In Syria, too, the EU fully supports the UN efforts for peace – as we also mobilised more than 3 billion euros to assist Syrians in their country, as well as refugees and their host communities in neighbouring countries such as Jordan or Lebanon. The road to peace has already been too long and has not led to results so far. But we see steps in the right direction now. Staffan de Mistura’s work on a UN-brokered local ceasefires plan can pave the way towards a political solution to the crisis. It could be the first move in the direction of a Syrian-led transition, after years of bloodshed.
The war in Syria has had a paramount role in the rise of the Islamic State, and we all know that: the two issues are so intertwined we cannot help addressing them in a comprehensive way, together. I would like to thank the United Kingdom for being one of the most active members of the Global Coalition to counter Daesh. I am grateful for all the important work you have done; not least for hosting the first group meeting of key coalition partners here in London last month, which I had the pleasure to attend. At that meeting we were all very clear and united as well: as we fight Daesh, we will not fall into the trap it is laying for us. We will not revive a fabricated clash of civilisations. Arab and Muslim countries are the first target of Da'esh. They have a crucial role in the coalition. Everyone should increase their efforts to prevent and halt any support – be it military or financial – to Da'esh and al-Qaeda’s associates in Syria and elsewhere.
All countries in the Middle East at large can take this chance to overcome long-standing animosities. Sectarian conflicts create the perfect environment for extremism and terrorism to spread. Regional powers share an interest to stop fighting wars against each other through their proxies, and choose cooperation against their common enemy. This terrible crisis could lead to an historic opportunity: that of reshaping the current regional framework in the Middle East.
The regional turmoil also reminds us of the need to restart the Middle East Peace Process as soon as we can. And I hope that will be sooner rather then later. As Da'esh challenges the frontiers and sovereignty of existing states, Israel and Palestine have the chance to mutually recognise their borders and their right to security. Peace in the “Holy Places” could lay out the most resounding message against extremism, for the region and the whole world. The protracted stalemate in the talks can only strengthen forces that oppose an agreement, in both Israeli and Palestinian communities. At the same time, all recognize that the status quo is not an option: if we don't move towards people, we will move towards ore violence.
This affects not only the parties themselves, but the entire region and the wider world. We need to build a new international consensus to bring this conflict to a solution: EU, US, Russia and the UN are important pillars of this efforts. That's why I invited the Quartet Principals to meet in Munich a couple of weeks ago, where we committed to support the resumption of peace negotiations following the Israeli elections. This commitment includes calling on both parties to refrain from any actions that undermine trust. We also agreed to reach out to our Arab partners in the region more directly and more frequently. They play a key role in supporting a successful peace process, not least through the Arab Peace Initiative that provides vision for a comprehensive settlement for the Arab-Israeli conflict.

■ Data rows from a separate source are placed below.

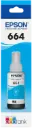 T664220-AL Cian Original Bote de Tinta Epson L110, L200, L210, L220, L300, L310, L350, L355, L365, L375, L380, L395, L396, L455, L475, L495, L555, L565, L575, L1300 70ml SKU: T664220-AL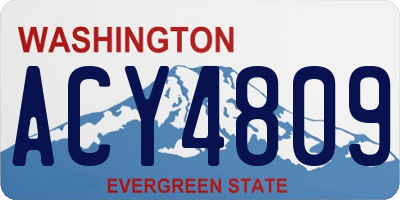 WA license plate ACY4809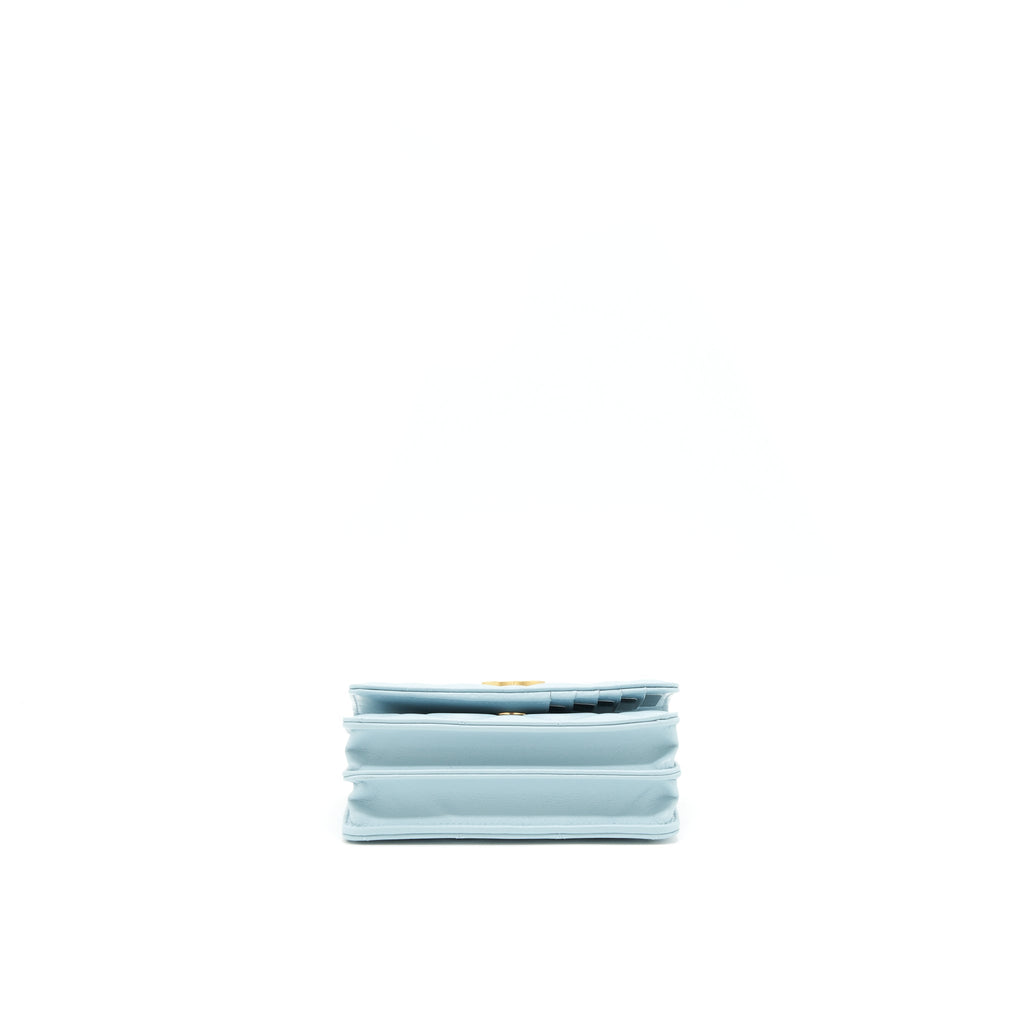 Chanel 22P Purse Vanity with Chain light blue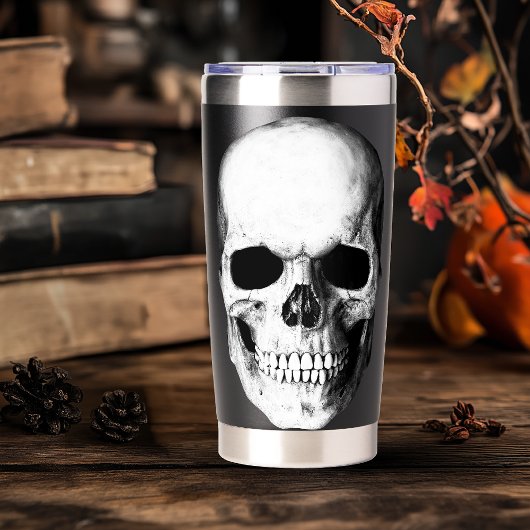 Large Skull Gothic Geïsoleerde Drinkbeker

The Europea Union's deep political and economic partnership with Israel and our role as the foremost donor to the Palestinian Authority and UNWRA give us a key position in reinvigorating the peace talks. And it gives us a special responsibility too.
I believe that the EU has to play its role in this and I will personally work on this; ensuring that the diversity and richness of our position, our history and deep ties represent an added value in our diplomatic efforts in the Middle East.
Finally, Iran. A few weeks ahead of the deadline for our E3/EU +3 talks, we face an historical opportunity. As you all know, the EU is coordinating the process. A good deal is at hand – if the parties will keep cooperating, as they did so far. And if we have enough political will on all sides to agree on a good deal and 'sell' it domestically. For too long we thought of the Iranian issue as a zero-sum game. In fact, I believe it is quite the opposite: a comprehensive agreement would be hugely beneficial for both sides. The West could be reassured about its security and the exclusively peaceful nature of Iran’s nuclear programme. Iran’s economic situation would improve, and Teheran could play its role as a regional power in a positive way. A deal would open up prospects for cooperation in many areas, in our bilateral relations and in the region.
Let me say that, looking at our region, we need to develop a new approach. We need to stop jumping from crisis to crisis, and to start looking at the complete picture. We need to start thinking in a strategic way. About a decade ago the EU adopted its Neighbourhood Policy. It was meant to bring stability and prosperity. And here we are, with our region in flames. There are success stories, no doubt: Tunisia, Marocco and the way in which Lebanon and Jordan are welcoming millions of refugees. But every success story has also its dark side. We have to be aware of that. We have to invest in the younger generations in a consistent way: education, employment, freedoms, rights. We have to think and to act strategically first of all in our neighborhood. That's why we a launching a review of our European Neighborhood Policy.
Our European Security Strategy, on which Javier Solana didwonderful work, is now 11 years old. At the time it was conceived, no one could imagine how fast the world and our neighbourhood would change in the following years. Today everything has changed; we have changed.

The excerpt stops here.